Lebanon builds wall around refugee camp

Wesley Dockery
November 22, 2016

Lebanon has decided to build a wall around the country’s largest Palestinian refugee camp. Authorities have claimed the wall is a security measure, while detractors have argued it’s a barrier that isolates Palestinians

Libanon Mauerbau beim Flüchtlingscamp
Image: Getty Images/AFP

Lebanon's military announced the construction of the wall on Monday and that it will take approximately 15 months to complete. The refugee camp, named Ain al-Helweh, is located in southern Lebanon near the city of Sidon.

"The construction of the wall began some time ago and the aim is to stop the infiltration of terrorists inside Ain al-Helweh from nearby orchards," said a source from Lebanon's military to the AFP news agency.

Lebanese armed forces are not authorized to enter the camp and the government claims fugitives are residing within it. Loyalists belonging to various political factions live in the camp - recently there was fighting between Yasser Arafat's Fatah movement and the Jund al-Sham Islamist group. Palestinians leaving the camp have to be inspected by Lebanese authorities.

The camp's population in the early 2000's was hovering around 70,000 residents. This changed when the Syrian civil war broke out in 2011, causing the population to swell to 120,000 people. The war displaced many of the Palestinian refugees living in Syria, forcing them to move to the camps like al-Helweh in Lebanon.

Controversy on social media

The move brought out condemnation in much of the Arab-speaking world, particularly on social media. Many are calling it the "wall of shame."
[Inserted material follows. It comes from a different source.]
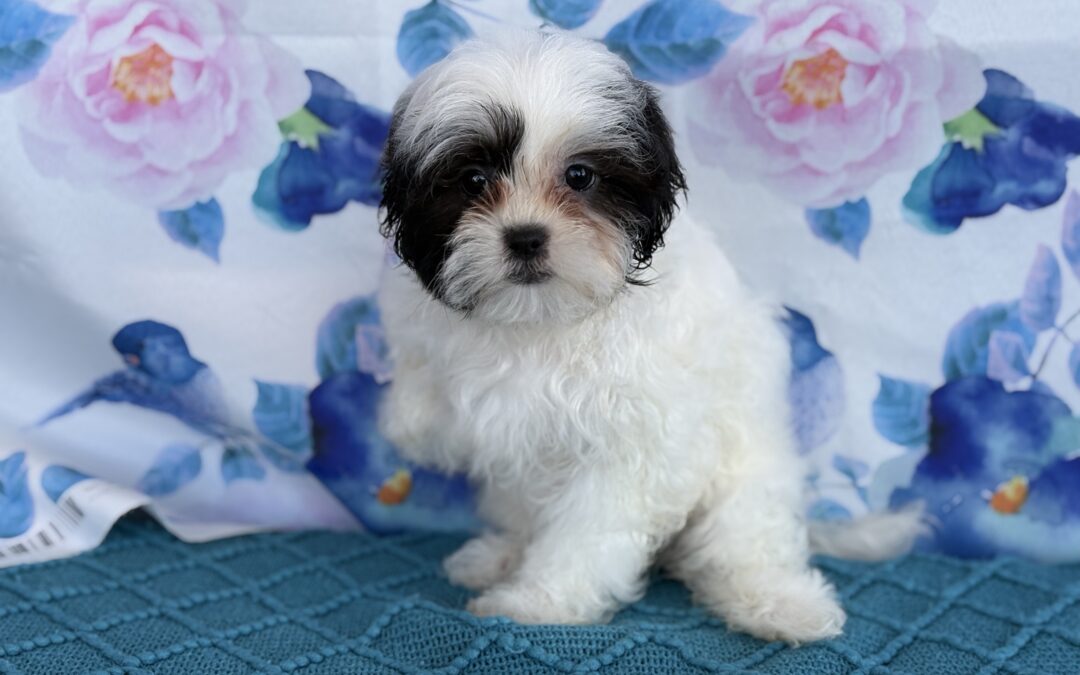 FEMALE TEDDYBEAR PUPPY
"For the record, the same Lebanon that can't sort out its trash has the capability to build a wall of shame around the Palestinian Ain al-Helweh camp," said Twitter user Sherazade Bareda, with pictures of the wall being constructed.  She's referring to when Lebanon closed one of its landfills last year in the city of Naameh, which then resulted in an eight-month crisis where trash piled up in the capital, Beirut. The crisis subsided in March 2016, when crews finally began to pick up the trash.


"The Lebanese authorities are building an apartheid wall surrounding the Ain al-Helweh camp in Sidon," tweeted an account called Yarmouk News. Commentators on social media have used the term apartheid to describe the wall, claiming that it isolates and separates the Palestinians in the camp from the rest of Lebanese society.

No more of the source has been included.